Founded in 1995 by Anita Naftaly, Federation’s Opening the Doors program has a long history of setting the bar for inclusion both in the classroom and in the community at large. With the expansion and innovation of its services in recent years, the program has won national recognition and accolades including the prestigious endorsement of Slingshot, a leading resource guide and a prominent funding source for Jewish communal life supported by the Ruderman Family Foundation.
Among her colleagues, her students and the many families whose lives she’s gently touched and changed, Ellen is well recognized as a mentor and leader. In November 2014, Ellen will be named the 25th recipient of the prestigious “Berman Award for Outstanding Professional Leadership.” In 1988, Mandell L. and Madeleine H. Berman established this award to recognize the career achievement of an outstanding professional employed by the Jewish Federation of Metropolitan Detroit, its family of agencies and other Detroit-area Jewish social service organizations. According to their time-honored tradition, the Bermans themselves will present the award at the November meeting of the Federation Board of Trustees.

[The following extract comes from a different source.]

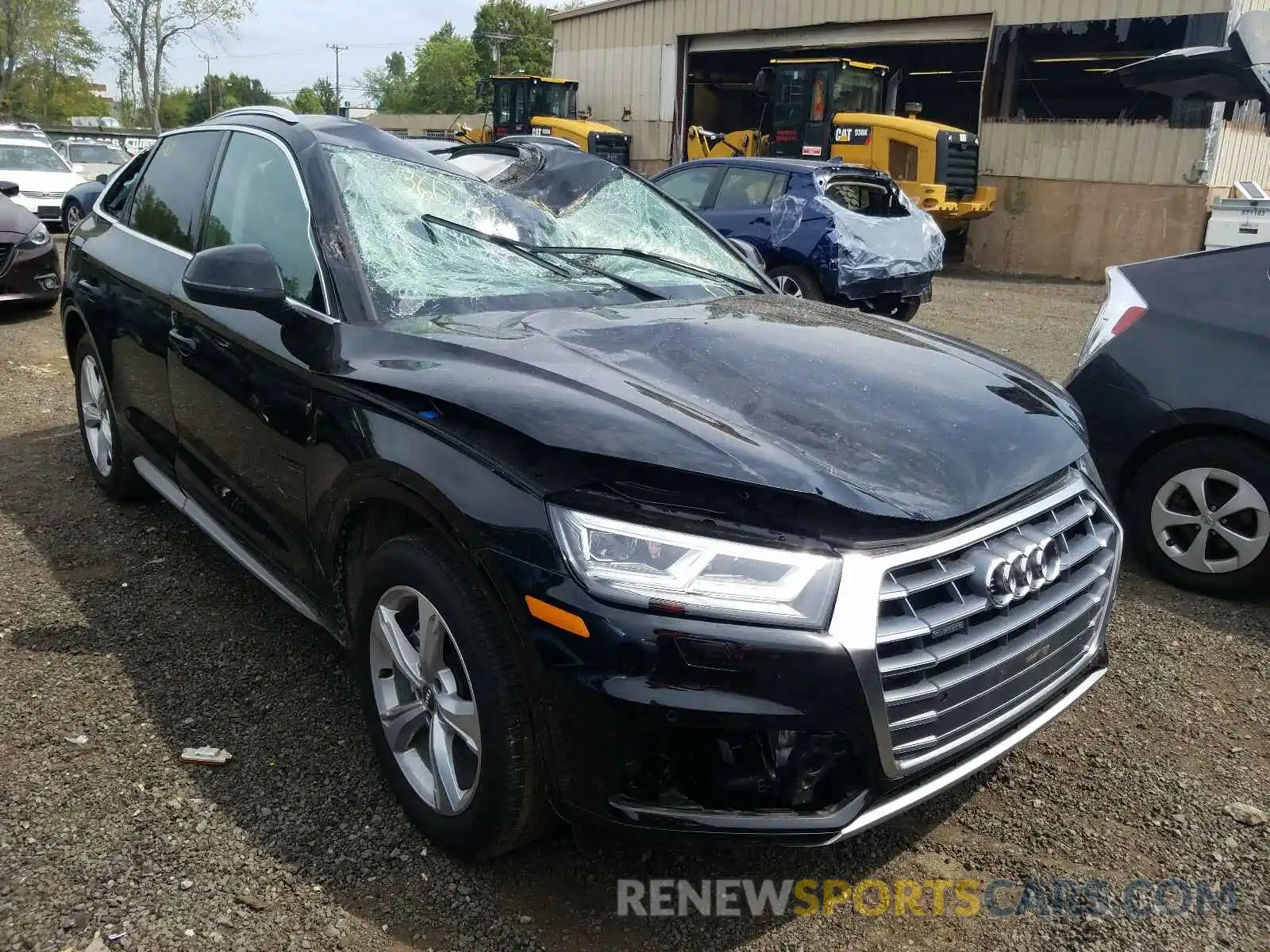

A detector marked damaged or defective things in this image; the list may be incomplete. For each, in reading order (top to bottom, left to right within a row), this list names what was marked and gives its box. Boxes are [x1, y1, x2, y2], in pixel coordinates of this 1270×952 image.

A graduate of Michigan State University, with a B.A. in Cognitive Impairment and M.A. in Learning Disabilities, Ellen started her teaching career with 9th-12th grade students at Troy Athens High School in Troy, Michigan. Working as a special education consultant, then promoted to Department Head, she honed her skills in building trust with parents and teachers, advocating for her students and managing the myriad details of customized lesson plans for children with diverse learning styles. “I had 25 students to track, each with their own classes and daily assignments,” she recalls. “My individualized curricula could fill 11 file cabinets a year, but I loved it.”
Ever analytical and thorough, to this day Ellen describes teaching as the joy of positive feedback. “What intrigued me was all the different ways children could look at things. I would study how each student related and reacted, then tweak the material, look for a different tool or adapt an assignment to help the student break through and succeed.”
From secular education to Jewish education
As her family grew with three children, Ellen left the rigors of high school special education to work for a brief time as a tutor and college adviser to student teachers. In 1996, she was recruited by Anita Naftaly to join Federation’s Alliance for Jewish Education as a special educator consultant for the newly established Opening the Doors program, and later as Program Assistant.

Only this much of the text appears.